Farmer Mike Batting said the sad and sorry episode caused him losses running up to £4,000 – although the mental trauma was even greater.

He uncovered the carnage on Sunday morning in three fields on the 400 acres he farms just off the Ideford Dip.

Two ewes were killed by the runaway dog together with five lambs. A further 32 lambs were injured, some seriously and possibly fatally.

‘Some won’t be good enough for breeding or the meat trade. I’m not covered for compensation unless they die,’ he said after the bloody episode.

He revealed how he later came across a dog worrying more sheep – and asked someone with a rifle to shoot it.

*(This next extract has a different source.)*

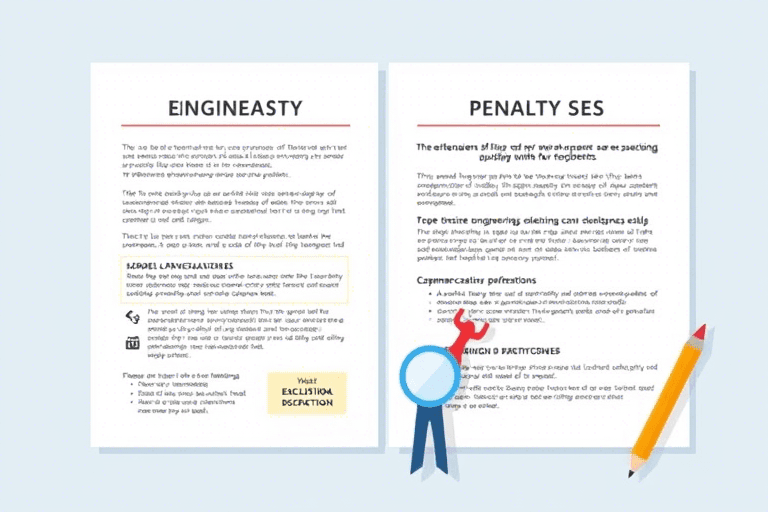 如何制定有效的工程资料罚款管理制度？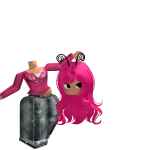 C3C3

But the person he asked recognised the dog and said he could not do it. The gunman then fetched the dog’s owner who sadly consented to shoot the dog himself.

Mr Batting said: ‘It was a very harsh lesson to learn about sheep worrying. He knew he had to do it.

‘If he had not the matter would have been taken further. Police have been informed. If the dog had been allowed to go it would have returned and killed again. It couldn’t continue.’

He revealed the two ewes, with two lambs each, had died of heart attacks trying to protect their young.

‘The biggest problem for me is there is no one to compensate me for the mental strain such incidents cause. There is a lot more to this than just losing animals,’ he said.

He urged all pet owners to keep their dogs under control in the countryside to prevent repeats of Sunday’s desperate slaughter.

It was the second dog attack in as many months. In January he lost two animals. The killer was never traced.